The Al–Mg–Si alloy wire for overhead transmission line is in thermal service due to the interaction between electric current and microstructure during power transmission, which could affect its microstructure and properties. At present, researchers generally use the traditional annealed-heated (A-H) treatment to simulate the thermal service state of Al–Mg–Si alloy wire, which could not consider the additional effect of electrons on the microstructure and properties. Therefore, in this research, the Al–Mg–Si alloy wire was treated at various temperatures generated by the electric-heated (E-H) treatment using an electric current input device. The mechanisms behind the evolution of microstructures, strength and electrical conductivity of the E-H Al–Mg–Si alloy wire were revealed and compared with those of the A-H Al–Mg–Si alloy wire. The experimental results show that with increasing the E-H temperature of the Al–Mg–Si alloy, its strength decreased and the electrical conductivity increased, which may be attributed to the growth of radial grains and the coarsening of precipitates. In addition, the effect of E-H treatment on Al–Mg–Si alloy wire is different in various temperature ranges. In the low-temperature region (90 °C–110 °C) and the high-temperature region (200 °C), the strength and the electrical conductivity of the E-H and A-H Al–Mg–Si alloy wires are nearly the same.
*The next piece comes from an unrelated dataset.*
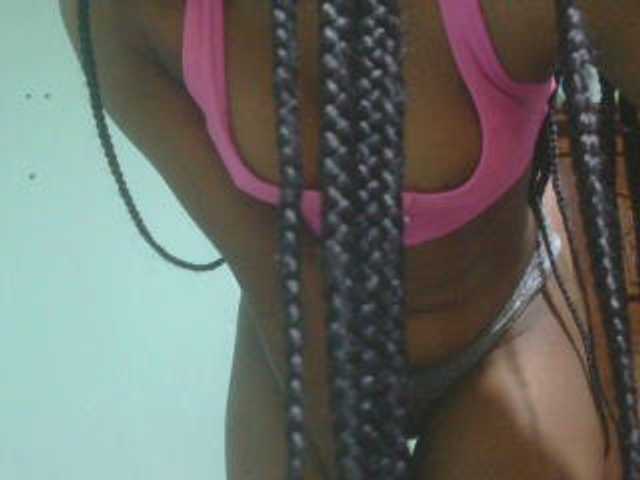 Ebonyflo live cam on BongaCams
In contrast, in the medium-temperature region (160 °C–185 °C), the E-H Al–Mg–Si alloy wire has lower strength and higher electrical conductivity than the A-H Al–Mg–Si alloy wire, which is mainly due to the accelerated coarsening of precipitates caused by the local overheating around precipitates generated by the input electric current. •Electrothermal service state of Al alloy wire was simulated by experimental design.•Electric-heated Al alloy wire has lower strength and higher electrical conductivity.•Electric-heated treatment accelerates the coarsening of precipitate due to Joule heat.